The Income Tax Appellate Tribunal (ITAT) Mumbai, has ruled that lease-holder’s expenses are not liable to be considered as capital expenditure for the purpose of taxation.
The assessee, Shree Nirmal Commercial Ltd. was the owner of premises Nirmal Building and acts as a mutual association for managing the property for the benefit of the unit holders cum shareholders of the company who contribute by the way of compensation charges and out of the same various expenses of the building were made. They filed its return of income declaring a total income of Rs.55,58,990 and the case was selected for scrutiny. The assessee has shown the interest income in the sum of Rs.1,58,25,633 which was treated as income from other sources.
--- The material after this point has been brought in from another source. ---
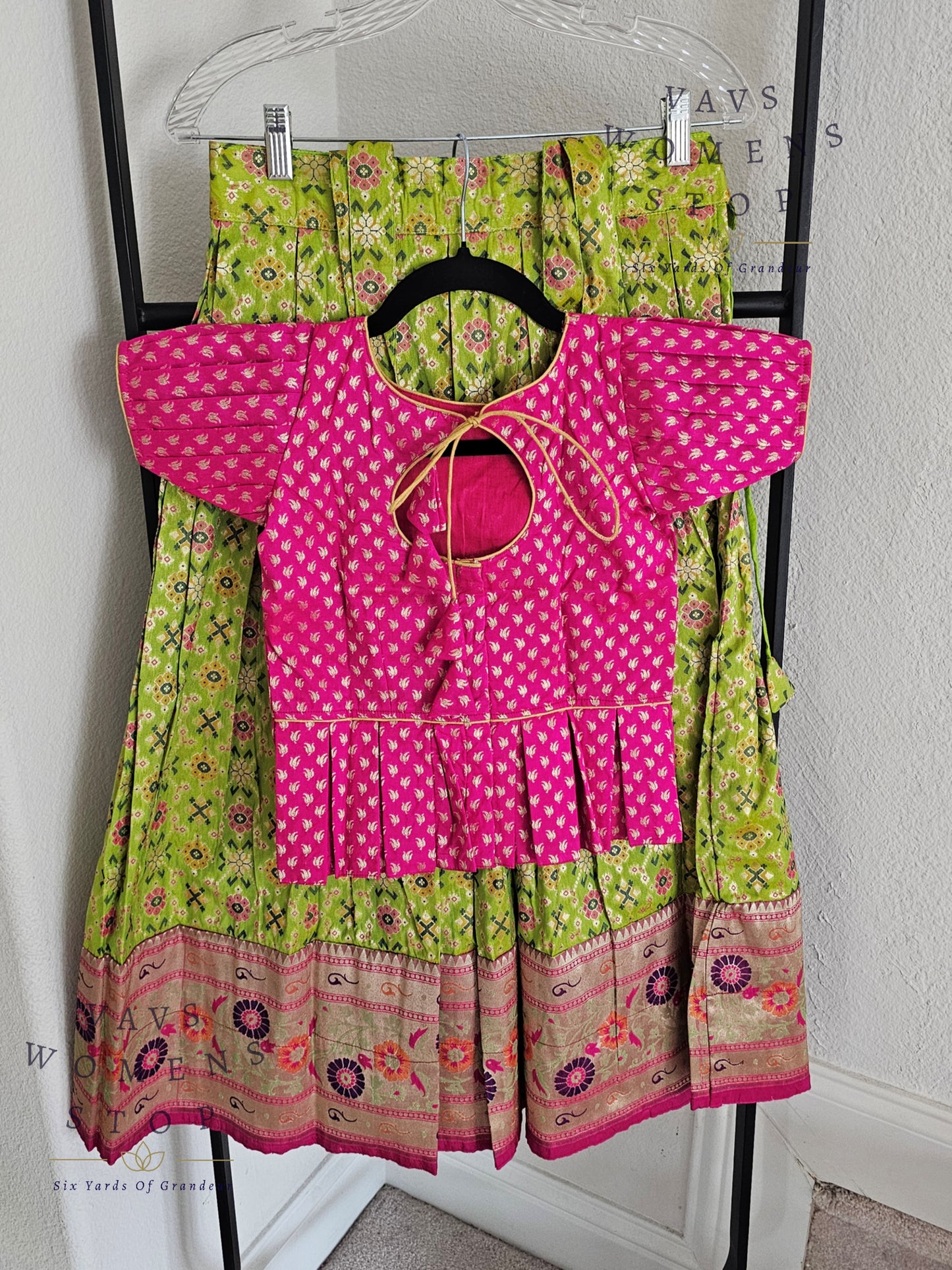 Patola Satin Benarasi with Paithani Border Kids Pattu Pavadai Langa Blouse Suits for 6 years to 7 years girls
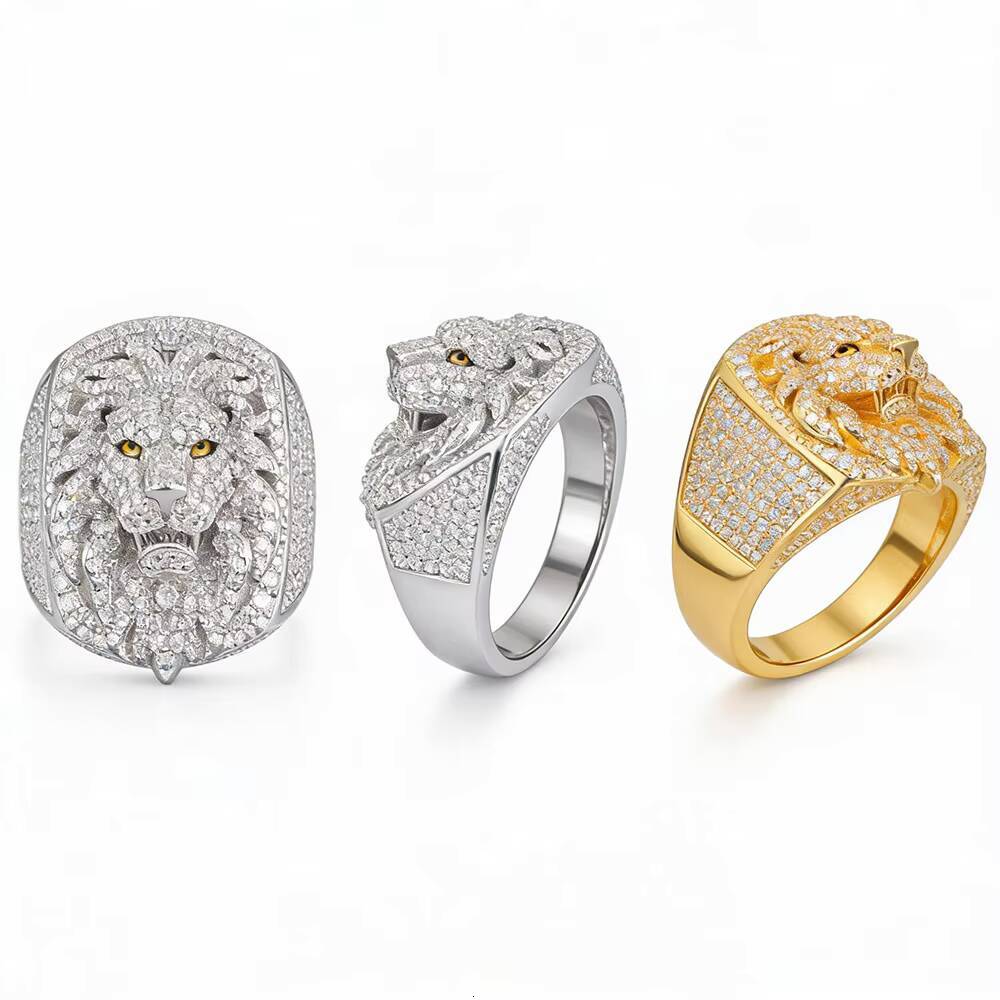 Luxury 3D Lion King Head Ring White Gold 925 Sterling Silver Lab VVS Moissanite Diamond Iced Out Hip Hop Jewelry for Rappers Men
The assessee has shown the repair & maintenance charges of Rs.50,03,041 but was treated as capital expenditure and disallowed. The total income of the assessee was assessed to the tune of Rs.1,04,58,500 which was appealed before the Commissioner of Income Tax (Appeals)(CIT(A)) who partly allowed the claim. The CIT(A) and the assessing officer were of the view that the disputed expenditures had not been incurred in relation to annual maintenance cost for normal wear and tear and that such expenses are expected to give long-lasting benefit to the appellant.
Judicial Member Amarjit Singh and accountant member M. Balaganesh held, “it is quite clear that the assessee is not the owner of the building he is only lease-holder, hence, expenses are not liable to be capitalized. Moreover, the claim of the assessee has been accepted in the previous and subsequent year also, therefore, in the said circumstances, the finding of the CIT(A) is not justifiable, hence is liable to be set aside.”